ASSIGNMENT: From the entries below, print exactly the span beginning with the line holding "Bally 經典黑色皮革樂福鞋 - 對比車縫線細節 (FR 38)-10" and ending with the line holding "Used 2005 Lexus", endpoints included, and skip any pictures.

PROVIDED MATERIAL:

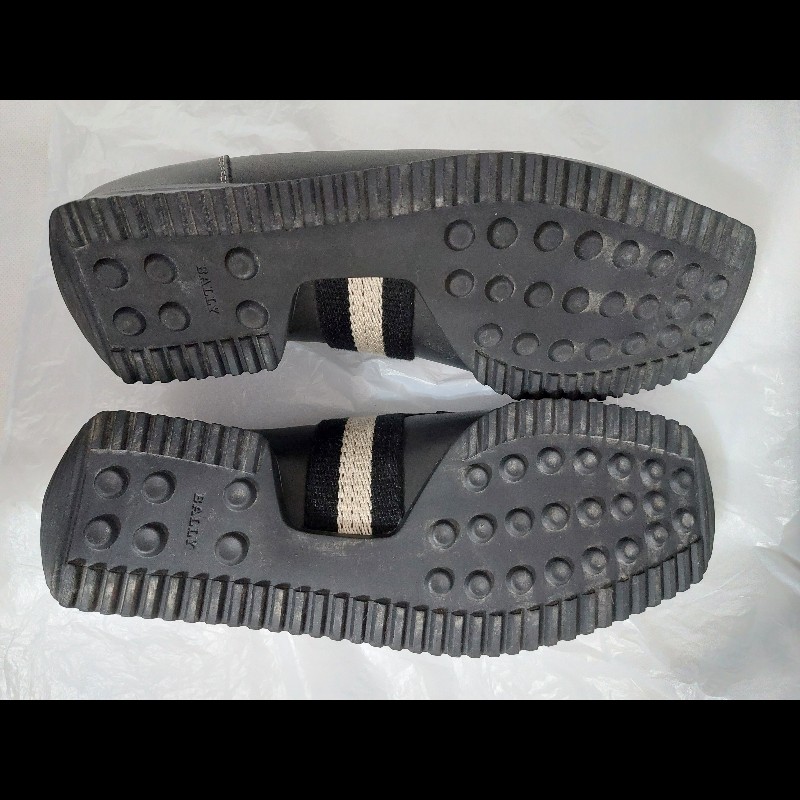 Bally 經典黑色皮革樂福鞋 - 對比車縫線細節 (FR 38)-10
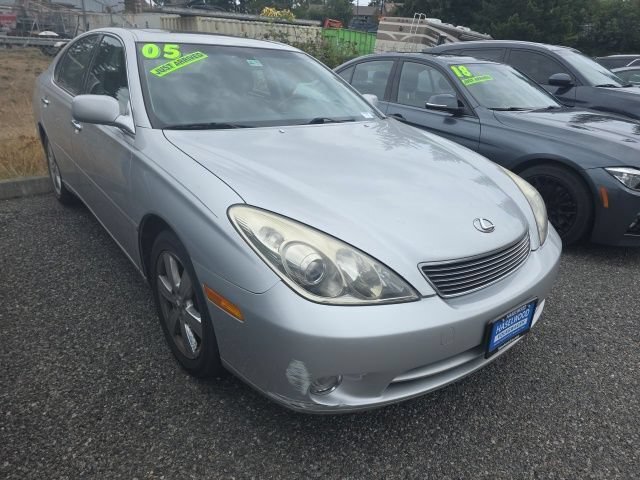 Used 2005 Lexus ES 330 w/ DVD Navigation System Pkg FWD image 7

---

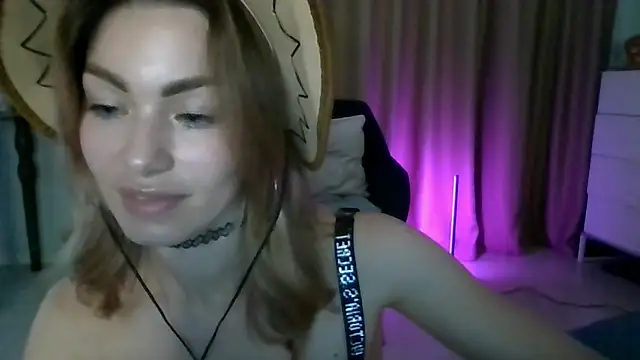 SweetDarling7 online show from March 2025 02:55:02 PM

SOLUTION TO THE PROBLEM:
 Bally 經典黑色皮革樂福鞋 - 對比車縫線細節 (FR 38)-10
 Used 2005 Lexus ES 330 w/ DVD Navigation System Pkg FWD image 7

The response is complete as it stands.